I have an intent to employ which has the pay rate I was going to recieve on it. It's a fax but it has the company owners signature on it, I have yet to get a chance to speak with a lawyer. I don't so much want to sue because I'm greedy but because I am missing alot of money, i realized today that I'm not getting any overtime for this week had I worked 8 hours thursday and 8 hours on friday I would've had a 53 hour week so 10 hours at time and a half and 3 hours of double time. Thats not alot of money to most people but when your only 21 with two kids and a wife and almost no savings to speak of 100 bucks can be alot! Thanks for the kind words from most of you guys my knee has been spasming alot today and I most definately going to have an MRI done on monday so I should know what the extent of the damage is then. 
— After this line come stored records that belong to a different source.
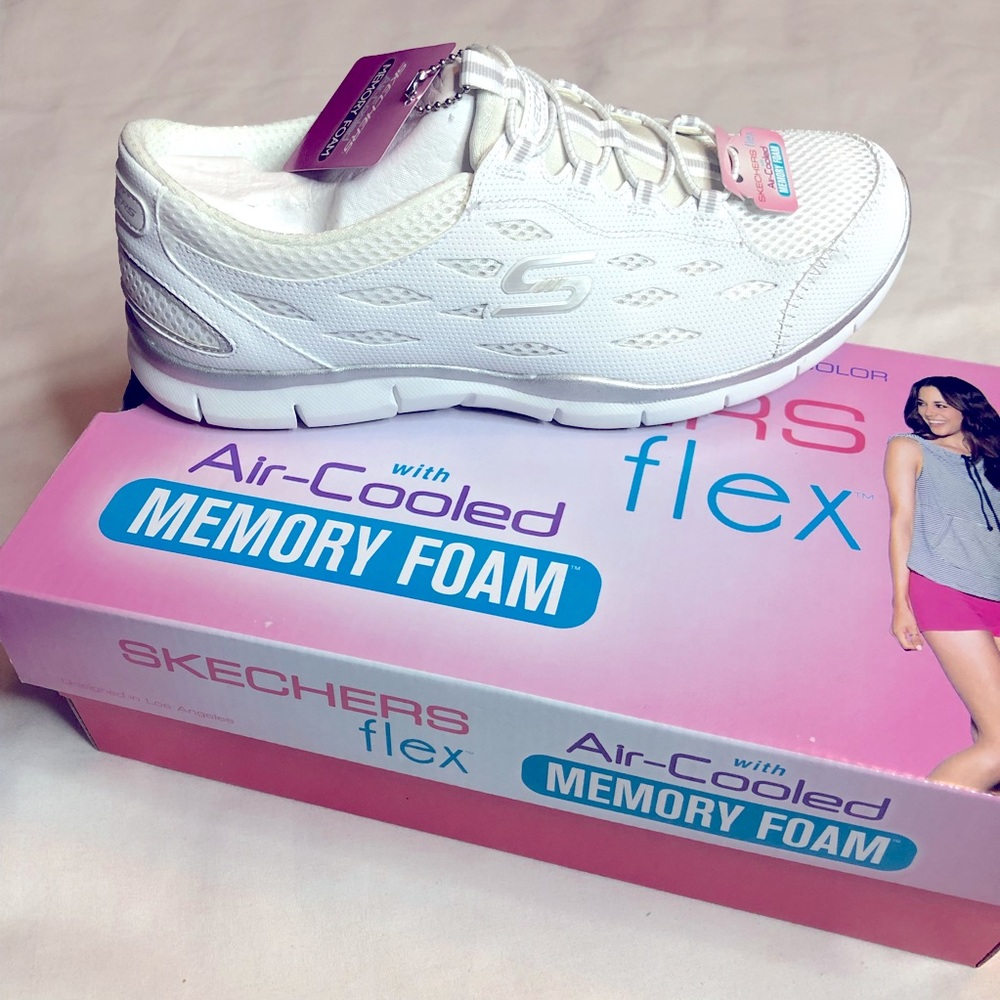 Skechers Flex Air Cooled memory foam white lace up casual shoes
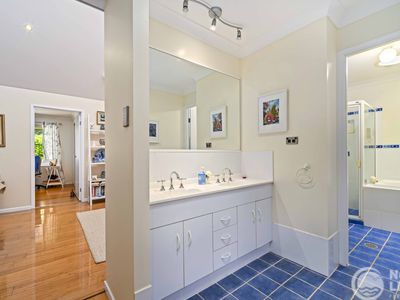 18 Flinders Way, Ocean Shores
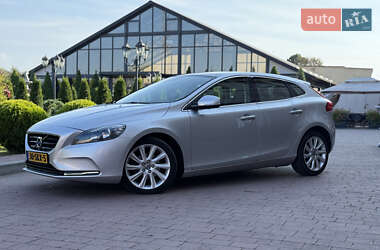 Хэтчбек Volvo V40 2013 в 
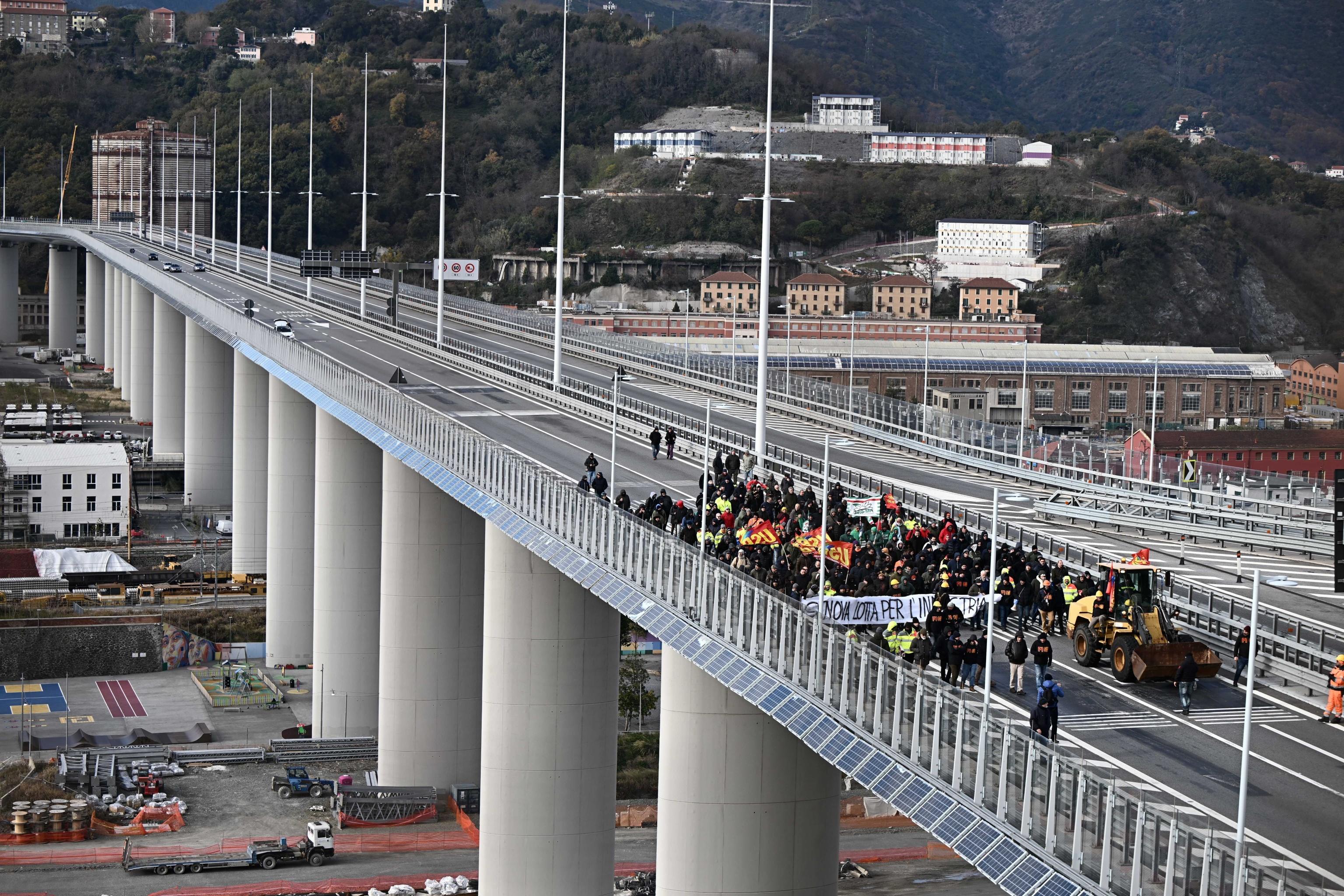 I lavoratori ex Ilva salgono sul ponte Morandi a Genova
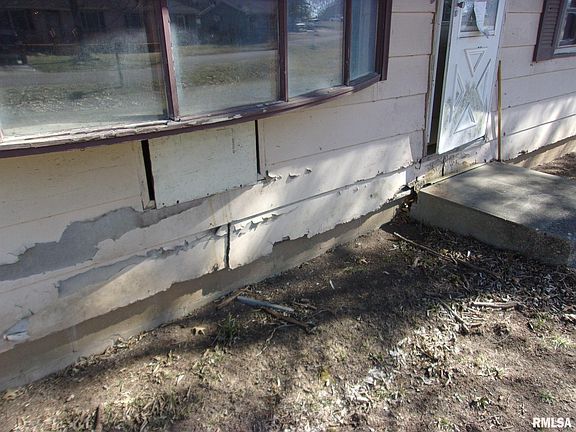 3rd image of 10338 Evergreen Dr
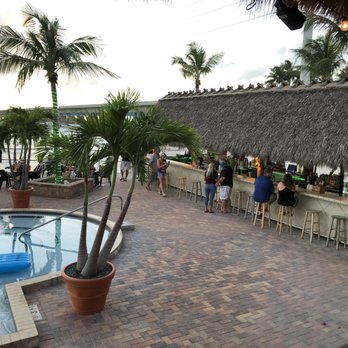 Sunset Grille & Raw Bar - Outdoor bar - Seafood Near Me - Marathon, Florida Sunset Grille & Raw Bar - Outdoor bar - Seafood Near Me - Marathon, Florida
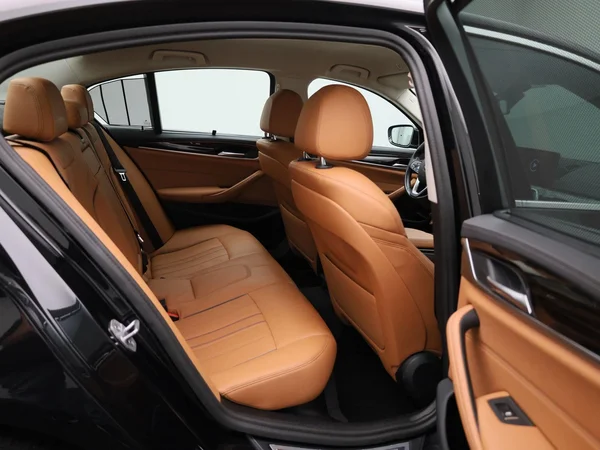 BMW 5 Reeks (2022) — foto 31 van 43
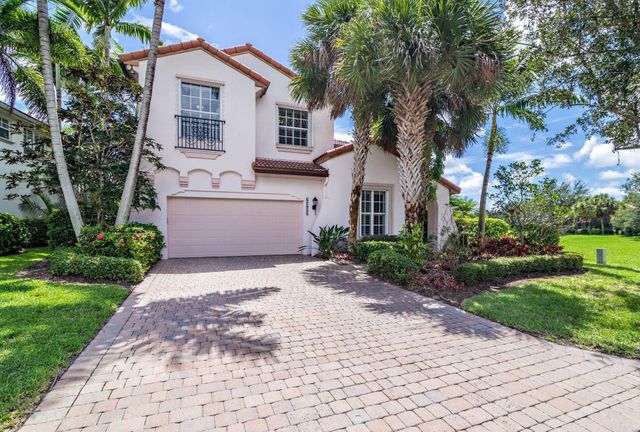 2002 Graden Drive, Palm Beach Gardens, FL 33410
I have learned a lesson though I will not ever operate a lift in an area where there are cranes operating again. I don't mind working nights if it means I'm safe.


----------



## dowmace (Jan 16, 2008)

gilbequick said:


> Myself I'm not a suing kind of person. You should talk to a lawyer and get their advice. I can tell you now what they're going to say and that's sue everybody. Don't expect to come out of this with a lot of friends.


Thats what I'm afraid of. I don't want to just sue everyone for millions I'm not entitled to that I don't see myself making that much in the time I'm going to be off of work. At the most I don't expect more than 10-15K. Even then all of that money will go straight to bills and if there is any left over I will be giving it back to the company to better educate them in safety. I don't like anyone giving me something I don't deserve I wasn't raised that way. I've worked for everything I have and I'll continue to do that until I die :thumbsup:


----------



## gilbequick (Oct 6, 2007)

That's a good attitude to have. Sorry you got hurt man, I hope you feel better. Sometimes there are things you just can't help: there are idiots everywhere who don't understand even what a little bit of carelessness can do.


----------



## dowmace (Jan 16, 2008)

update, I will be 3rd party sueing the crane driver. Because I am using workers compensation the company itself is relieved from any kind of legal repurcussions so I have to go after the offender he is protected by the companies insurance however so I assume they will probably step in and settle it out of court. I would rather settle it out of court for sure because it's better for everyone that way. I'll keep everyone updated as everything progresses


----------



## randomkiller (Sep 28, 2007)

dowmace said:


> update, I will be 3rd party sueing the crane driver. Because I am using workers compensation the company itself is relieved from any kind of legal repurcussions so I have to go after the offender he is protected by the companies insurance however so I assume they will probably step in and settle it out of court. I would rather settle it out of court for sure because it's better for everyone that way. I'll keep everyone updated as everything progresses


First of all I also hope your feeling better soon. But a word of advice, they will try and drag out a settlement as long as possible. All the guys I have worked with have had things go about five years before settlement. By stalling many things happen in a positive way for the defense lawyers, people forget things, etc,etc. Patience is a virtue, don't rush into a quick buy off.


----------



## randomkiller (Sep 28, 2007)

dawgs said:


> If she couldn't stick by him during the hard times in life, he is better off without her.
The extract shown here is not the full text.